Trouver le « glaçon » parfait

« Chaque année, des milliers d’icebergs se détachent et dérivent vers Le Cap », explique-t-il. « Mère nature nous fait de l’œil en nous disant : Je suis ici, venez juste me prendre ». Jusque-là, personne n’a réalisé un tel exploit. « En Russie, ils ont déjà repoussé des icebergs qui dérivaient vers des installations pétrolières. Mais ils pesaient environ un demi-million de tonnes. Là, on parle de… 100 millions de tonnes », poursuit Nick Sloane. Dans son viseur, des icebergs qui ressemblent à une gigantesque « table de salon », dits de forme tabulaire. Ils font entre 850 et 1 000 mètres de long, environ 500 mètres de large et 220 de profondeur.
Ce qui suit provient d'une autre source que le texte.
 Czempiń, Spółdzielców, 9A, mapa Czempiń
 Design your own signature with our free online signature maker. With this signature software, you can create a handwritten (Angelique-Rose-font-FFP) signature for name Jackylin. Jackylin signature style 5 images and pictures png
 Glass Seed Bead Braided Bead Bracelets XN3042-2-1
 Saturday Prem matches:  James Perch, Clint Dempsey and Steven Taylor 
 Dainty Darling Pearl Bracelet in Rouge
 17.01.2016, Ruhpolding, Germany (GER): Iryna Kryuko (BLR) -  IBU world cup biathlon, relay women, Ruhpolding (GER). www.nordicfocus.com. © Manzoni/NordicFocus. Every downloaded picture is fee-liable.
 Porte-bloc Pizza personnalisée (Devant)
L’iceberg parfait sera identifié depuis le ciel, grâce aux drones et aux images satellitaires. L’étape la plus simple de l’opération. Le glaçon géant capturé sera ensuite emballé dans un tissu isolant et un puissant remorqueur le guidera lentement jusqu’à la pointe sud du continent africain. Pas question cependant de l’entreposer au Cap. Le courant y est trop chaud. Il sera remorqué à quelque 150 km plus au nord, dans la baie de Sainte-Hélène, en Afrique du Sud. L’endroit est idéal, à en croire Nick Sloane : là, le courant froid de Benguela maintient l’eau à une douzaine de degrés et un ancien lit de rivière sous-marin servira de parking à l’iceberg.
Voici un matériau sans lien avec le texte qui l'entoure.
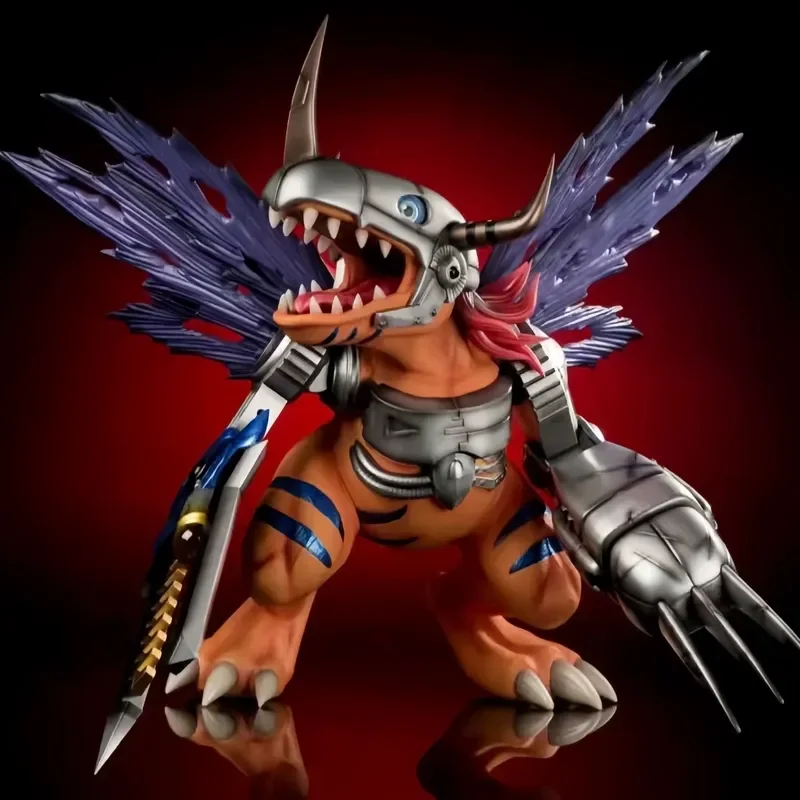 

New Digimon Metalgreymon Gk Replacement Hand Figure Anime Collectible Model Statue Special Effect Desktop Ornament For Anime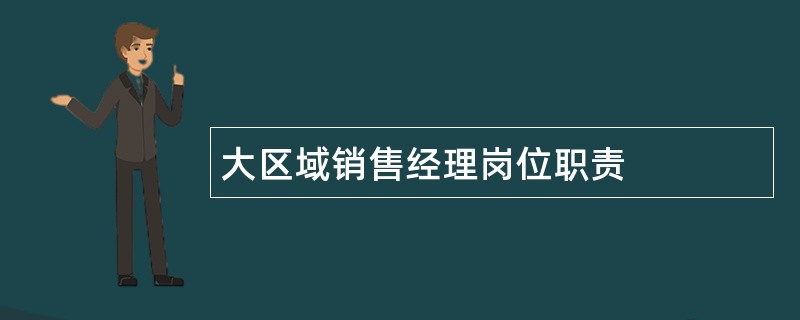 大区域销售经理岗位职责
160 millions de dollars l’iceberg

Le travail de collecte de l’eau pourra alors débuter. L’eau qui fond coulera directement dans une immense soucoupe construite à cet effet, tandis qu’une machine pilera la glace. La cueillette durera un an. Chaque jour, quelque 150 millions de litres d’eau seront récupérés et transportés dans des bateaux citernes jusqu’au Cap. « On ne va pas résoudre la crise de l’eau au Cap mais on fournira entre 20 et 30% des besoins annuels en eau du Cap », anticipe le capitaine Sloane. Le coût du projet est évidemment faramineux : autour de 160 millions de dollars pour un iceberg. De quoi doucher la municipalité du Cap.

Selon le maire adjoint Ian Neilson, sceptique, « il semble que le recours à la nappe phréatique et les projets de désalinisation soient moins chers ou d’un coût équivalent ». « On s’interroge aussi sur la faisabilité d’injecter l’eau de l’iceberg dans notre réseau de distribution », dit-il. « Sans compter les risques inhérents à ce projet, notamment l’inconnue du volume d’eau que l’iceberg pourra effectivement produire. »

Des contraintes

« Ce n’est pas facile de demander des fonds publics pour une première », reconnaît Olav Orheim, spécialiste norvégien des icebergs qui a déjà planché sur une telle opération il y a une quarantaine d’années, à la demande de l’Arabie saoudite. « Le projet est fou. Aucun doute là-dessus », concède-t-il volontiers, en énumérant les « inconnues ». Jamais une masse aussi lourde n’a été tirée. L’iceberg va-t-il se casser lors du transport ? Comment gérer les courants pendant le remorquage ? Quel va être le taux de fonte ? Mais « le projet n’est plus irréaliste dans la mesure où la connaissance a beaucoup évolué en quarante ans. C’est un projet à hauts risques, mais avec une sacrée récompense à la clé », assure Olav Orheim.

Le voilà désormais embarqué dans l’aventure, de même que l’ingénieur français Georges Mougin, qui planche lui aussi depuis des années sur un projet de remorquage d’icebergs. Une société suisse, Water Vision, spécialiste de l’eau, s’est également associée au capitaine Sloane. L’équipe se dit prête à passer très rapidement à l’action. « Si on a le feu vert de la ville, on peut avoir un iceberg ici à Pâques », assure Nick Sloane.